Sea Level Rise In Seven Asian Cities : A Fact We Must Not Ignore

Sea level rise in Asian cities
Many Asian coastal cities are drowning due to sea-level rise. This is a harsh wake-up call for each of us.
The rate of sea-level rise is accelerating. Globally, sea levels are estimated to rise 1.1 metre by 2100, if countries are not able to restrict emissions, according to a report by the Intergovernmental Panel on Climate Change (IPCC) on September 25, 2019. In Asia, coastal cities are at high risk from rising sea levels and intensifying storms. Approximate 600 million people, mostly live in low-lying coastal regions in Asia, are at risk of flooding due to sea level rise. Some of the areas at risk of flooding are economic centers with significant gross domestic product (GDP) (source : World Ocean Review, 2020). 
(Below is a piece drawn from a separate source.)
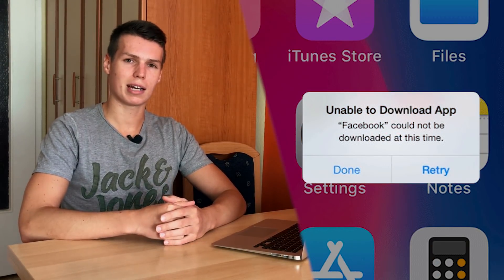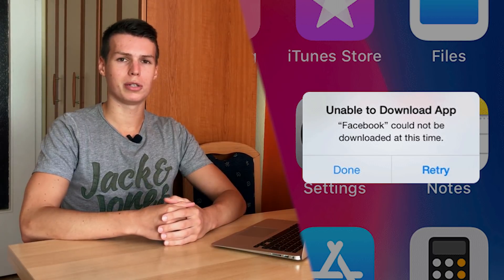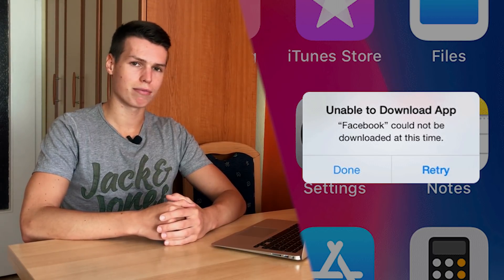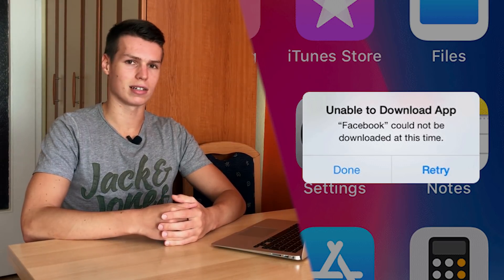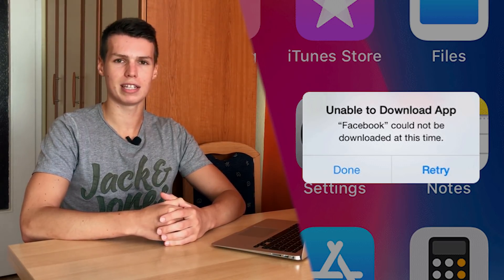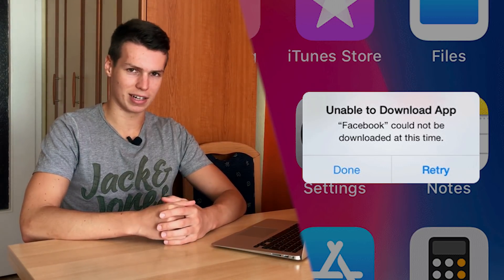What's up everyone, my name is Ben and today I'll be talking about and showing you guys how to fix the common App Store error that I myself had a bit of trouble with a few days ago. This error is called 'this app could not be downloaded at this time' and it usually pops up when you want to download an app from the App Store or maybe update it, and you get this pop-up message while the app is downloading.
According to the latest report from Greenpeace Asia, at least 15 million people and 1,829 square kilometres land in seven Asian cities will be affected by extreme sea-level rise and coastal flooding, by 2030. An estimated $724 billion in Gross Domestic Product could be impacted due to extreme sea-level rise and coastal flooding by 2030.
The report, titled The Projected Economic Impact of Extreme Sea-Level Rise in Seven Asian Cities in 2030, analysed cities that are economic centres and are located on or close to the coast. The seven cities are: Bangkok, Hong Kong, Tokyo, Jakarta, Seoul, Taipei and Manila.The analysis is one of the first of its kind to use high spatial resolution data to suggest the areas of each city that are at risk from floods.
Major findings of seven Asian cities : 
  • More than 96% of Bangkok’s land area could be flooded should a 10-year flood occur in 2030, including high density residential and commercial areas in the city center.
  • The analysis projected that in Hong Kong, extreme sea-level rise and any subsequent flooding in 2030 could put $2.24 billion of GDP at purchasing power parity and 90,000 people at risk.
  • Approximately 3 per cent of Seoul’s land area is below the level to which sea water could rise by 2030. The report suggested the affected areas would mainly be residential and agricultural, leading to $4.69 billion of GDP at purchasing power parity risk and put 0.13 million people at risk.
  • Jakarta faces a dual threat from both sea level rise and sinking. Almost 17% of Jakarta’s total land area is below the level to which sea water could rise should a 10-year flood occur in 2030, leading to a potential GDP risk of US$68 billion.
  • Low-lying areas in eastern Tokyo, including the Koto 5 Wards (Sumida, Koto, Adachi, Katsushika and Edogawa), are particularly vulnerable to rising sea levels. US$68 billion in GDP is at risk from coastal flooding in Tokyo in 2030, or 7% of Tokyo’s total GDP.
  • In Taipei, Taipei Main Station, the most significant transport hub in northern Taiwan, is at risk of flooding, as is the historic Datong District. An estimated 24% of Taipei’s total GDP could potentially be affected.
  • Almost 87% of Manila’s land area is below the level to which sea water could rise, should a 10-year flood occur in 2030. Up to 1.54 million people and a total of US$39 billion could be affected.
The report urged for faster and more ambitious climate action; especially for governments to commit to achieving ‘net zero’ by 2050. All in all, this is the fact we must not ignore. not anymore. 

The article was initially published on 25th July 2021.